Readers might recall last week’s post “Brick Thieves Return to St. Louis Place” that showed how a house at 2543 Maiden Lane was damaged by criminals earlier this month. That house is just east and south of the ones shown above. All are highly visible from Jefferson Avenue.

Why do I think that the modest house at 2552 North Market is so interesting? Well, the house is one of a few remaining frame houses that have brick front additions. If that doesn’t make sense, take a look at the rear of the house.

The rear is a one-story gabled frame home, with one room in front and a small addition at the back. This house dates to the 19th century. The front brick section, with one room on each of two floors, dates to a building permit issued on May 22, 1915. The cost of the addition was $500 to owner William Duerdick and his builder J. Scaumel. The result of the addition was a handsome, two-story brick front to match those of neighboring houses.

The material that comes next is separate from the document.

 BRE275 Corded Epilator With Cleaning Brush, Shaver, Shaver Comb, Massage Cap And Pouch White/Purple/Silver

As St. Louis Place developed into a high-density, middle-class enclave, many early frame houses were absorbed into the emerging urban (brick) fabric through front additions. Simple frame houses could be concealed behind fronts as refined as those of any neighbors’ houses. A new look and more space arrived, while the usable original house was retained instead of being wrecked. What great architectural economy for growing families on a budget!

The 1909 Sanborn fire insurance map shows the footprint of the little frame house before expansion. That house is numbered 1, while the brick two-story house at 2548 North Market is numbered 2 and the flounder house at 2543 Maiden Lane is numbered 3. Frame is colored yellow, and brick is pink.

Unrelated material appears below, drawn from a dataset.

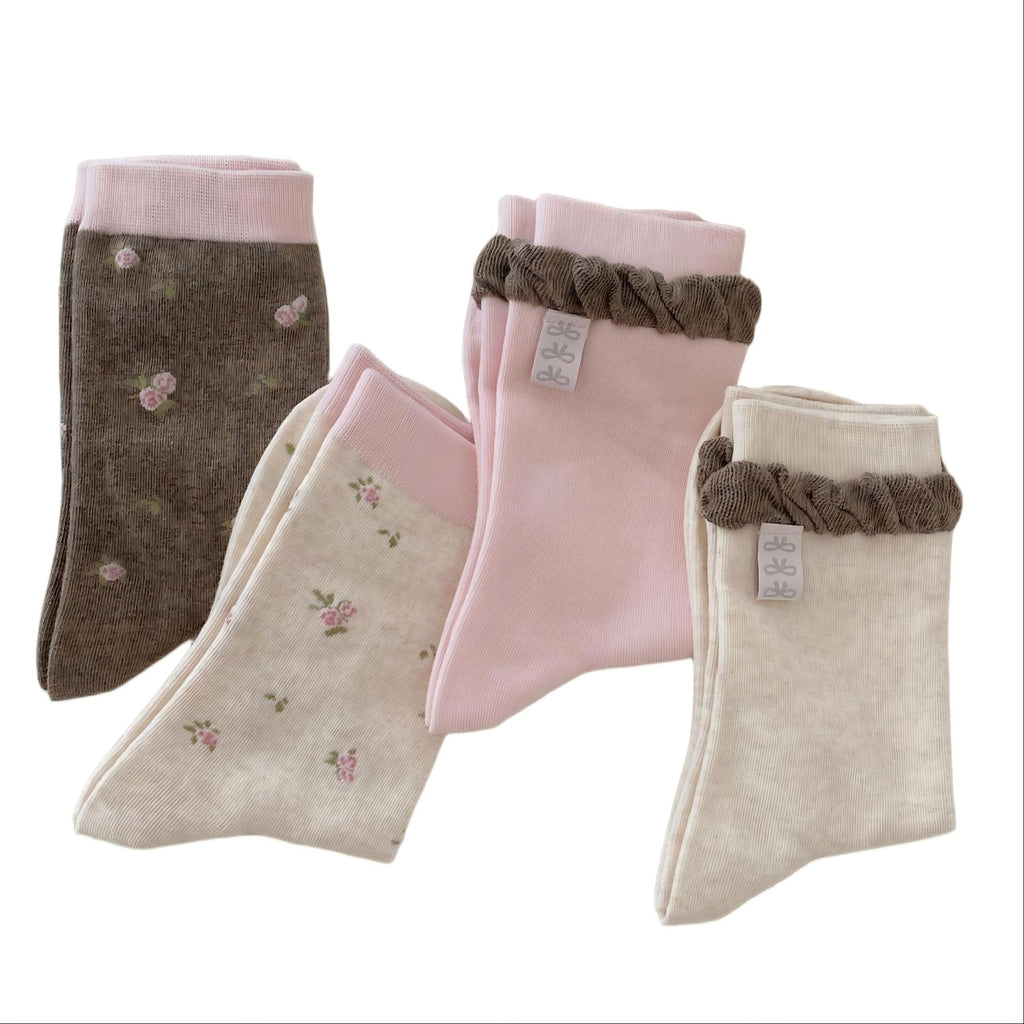 Anna-Kaci Women's 4-Pair Floral Knit Crew Socks Soft Stretch Ribbed Casual Everyday Sock Set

One can see that this area was not typified by any one form of house or method of construction. There are even a few vacant lots. Architectural diversity like this as historically common as the more regular patterns found in other parts of the city.

Lest I throw out my appreciation without offering any idea for how a developer like McEagle could reuse a quirky “legacy property,” I have a great example from another block in St. Louis Place. Here is the house at 1871 Madison Avenue, built first in the mid-19th century and given the brick front treatment in 1890. The style is different, but the form is the same.

The owners purchased this house from the Land Reutilization Authority, spent their own time and money on rehabilitation and ended up with a cozy homestead. The frame addition was in shambles, so they rebuilt it and finished it in earthen stucco. The roof on the frame section is a long-lasting metal roof, while the windows and doors are mostly recycled elements purchased at the ReStore and other places. A solar collector is on top of the flat roof of the brick front. Inside, the house makes great use of its small size with an open layout and a sleeping loft. The house uses stove heat in the winter, made possible by the small size.

While not historically accurate, the rehab of the house on Madison is inventive and green. The front-addition form is versatile and adds small-house options to the neighborhood for those who want to own a house but keep costs and house size down. the home on North Market Street is ripe for rehabilitation. The mansions of St. Louis Avenue tell one part of the St. Louis Place story, but that story is incomplete without the other parts. We can’t preserve everything that is left, but we should ensure that we preserve an architectural cross-section of a living, economically diverse neighborhood — so that we encourage that diversity to be part of the future as well as the past.